Note that $TM$ is a real vector bundle, and it becomes a complex vector bundle by defining $(a + bi)\cdot v := av + bJ(v)$. This is what we mean when we say $(TM, J)$ is a complex vector bundle.
With this in mind, we have $\pi_{1,0} : TM \to T_{1,0}$ and
$$\pi_{1,0}(i\cdot v) = \pi_{1,0}(J(v)) = (\pi_{1,0}\circ J)(v) = i\pi_{1,0}(v) = i\cdot\pi_{1,0}(v).$$
So the real vector bundle isomorphism $\pi_{1,0}$ is also complex linear, and hence is a complex vector bundle isomorphism.

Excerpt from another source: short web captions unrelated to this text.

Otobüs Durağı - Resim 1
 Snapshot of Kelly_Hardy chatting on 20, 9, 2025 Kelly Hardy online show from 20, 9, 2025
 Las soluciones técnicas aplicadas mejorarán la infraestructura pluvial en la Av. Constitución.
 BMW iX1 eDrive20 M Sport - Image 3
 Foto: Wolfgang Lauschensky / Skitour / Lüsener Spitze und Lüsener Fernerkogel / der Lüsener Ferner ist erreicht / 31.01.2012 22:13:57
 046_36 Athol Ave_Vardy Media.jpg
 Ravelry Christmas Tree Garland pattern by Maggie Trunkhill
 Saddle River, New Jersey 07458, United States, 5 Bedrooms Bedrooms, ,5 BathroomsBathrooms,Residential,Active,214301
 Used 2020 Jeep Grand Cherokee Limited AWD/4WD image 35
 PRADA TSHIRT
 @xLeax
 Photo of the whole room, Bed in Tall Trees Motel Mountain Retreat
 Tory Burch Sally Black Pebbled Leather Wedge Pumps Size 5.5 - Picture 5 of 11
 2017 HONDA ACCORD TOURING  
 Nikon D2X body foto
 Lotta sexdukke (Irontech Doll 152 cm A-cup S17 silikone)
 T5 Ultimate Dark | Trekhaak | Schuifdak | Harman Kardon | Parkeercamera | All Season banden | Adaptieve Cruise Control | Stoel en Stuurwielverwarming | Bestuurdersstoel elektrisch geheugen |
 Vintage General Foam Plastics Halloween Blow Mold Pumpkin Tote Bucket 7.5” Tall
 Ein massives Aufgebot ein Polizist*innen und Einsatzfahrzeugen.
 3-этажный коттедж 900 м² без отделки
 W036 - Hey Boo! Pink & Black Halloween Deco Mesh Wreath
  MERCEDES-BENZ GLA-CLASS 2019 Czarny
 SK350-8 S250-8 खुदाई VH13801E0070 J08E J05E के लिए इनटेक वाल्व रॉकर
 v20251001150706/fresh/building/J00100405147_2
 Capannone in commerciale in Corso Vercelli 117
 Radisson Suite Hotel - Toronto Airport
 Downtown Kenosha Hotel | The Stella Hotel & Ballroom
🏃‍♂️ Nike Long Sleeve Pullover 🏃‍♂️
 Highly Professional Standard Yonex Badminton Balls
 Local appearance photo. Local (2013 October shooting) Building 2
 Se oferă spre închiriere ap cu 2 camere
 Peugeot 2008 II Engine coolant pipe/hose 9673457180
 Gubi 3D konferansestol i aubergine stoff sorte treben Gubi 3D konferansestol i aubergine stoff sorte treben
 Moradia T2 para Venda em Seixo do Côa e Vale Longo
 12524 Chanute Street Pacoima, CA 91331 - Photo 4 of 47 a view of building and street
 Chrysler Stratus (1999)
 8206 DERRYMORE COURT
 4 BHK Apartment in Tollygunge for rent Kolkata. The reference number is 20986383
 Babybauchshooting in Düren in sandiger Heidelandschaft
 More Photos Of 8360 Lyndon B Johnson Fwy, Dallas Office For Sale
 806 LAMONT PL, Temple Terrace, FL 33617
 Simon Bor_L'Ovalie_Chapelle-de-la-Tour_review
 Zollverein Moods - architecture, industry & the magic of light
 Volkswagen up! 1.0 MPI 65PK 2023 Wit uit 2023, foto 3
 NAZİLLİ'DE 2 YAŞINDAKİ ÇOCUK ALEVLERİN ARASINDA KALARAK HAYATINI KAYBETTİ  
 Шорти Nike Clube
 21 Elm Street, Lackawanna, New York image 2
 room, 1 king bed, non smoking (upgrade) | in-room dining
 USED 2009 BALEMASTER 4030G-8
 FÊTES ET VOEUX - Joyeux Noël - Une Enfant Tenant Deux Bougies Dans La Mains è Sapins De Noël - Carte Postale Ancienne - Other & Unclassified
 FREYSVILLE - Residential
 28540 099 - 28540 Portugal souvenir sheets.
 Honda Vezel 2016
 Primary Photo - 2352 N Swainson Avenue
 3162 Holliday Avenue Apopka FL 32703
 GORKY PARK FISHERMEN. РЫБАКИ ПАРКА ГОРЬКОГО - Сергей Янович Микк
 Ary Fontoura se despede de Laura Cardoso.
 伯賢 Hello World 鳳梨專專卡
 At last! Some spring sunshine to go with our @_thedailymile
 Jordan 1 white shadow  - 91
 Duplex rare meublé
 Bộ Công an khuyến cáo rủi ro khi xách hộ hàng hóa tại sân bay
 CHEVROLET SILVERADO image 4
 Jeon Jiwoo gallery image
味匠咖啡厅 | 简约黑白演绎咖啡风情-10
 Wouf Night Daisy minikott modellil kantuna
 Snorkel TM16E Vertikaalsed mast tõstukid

On the other hand, we have $\pi_{0,1} : TM \to T_{0,1}$ and
$$\pi_{0,1}(i\cdot v) = \pi_{0,1}(J(v)) = (\pi_{0,1}\circ J)(v) = -i\pi_{0,1}(v) = i\cdot\pi_{0,1}(v)$$
where the action in the last expression is using the action of $\mathbb{C}$ on $\overline{T_{0,1}}$ (where $i$ acts as multiplication by $-i$). So $\pi_{0,1} : TM \to \overline{T_{0,1}}$ is an isomorphism of complex vector bundles.
Therefore $TM \cong T_{1,0} \cong \overline{T_{0,1}}$.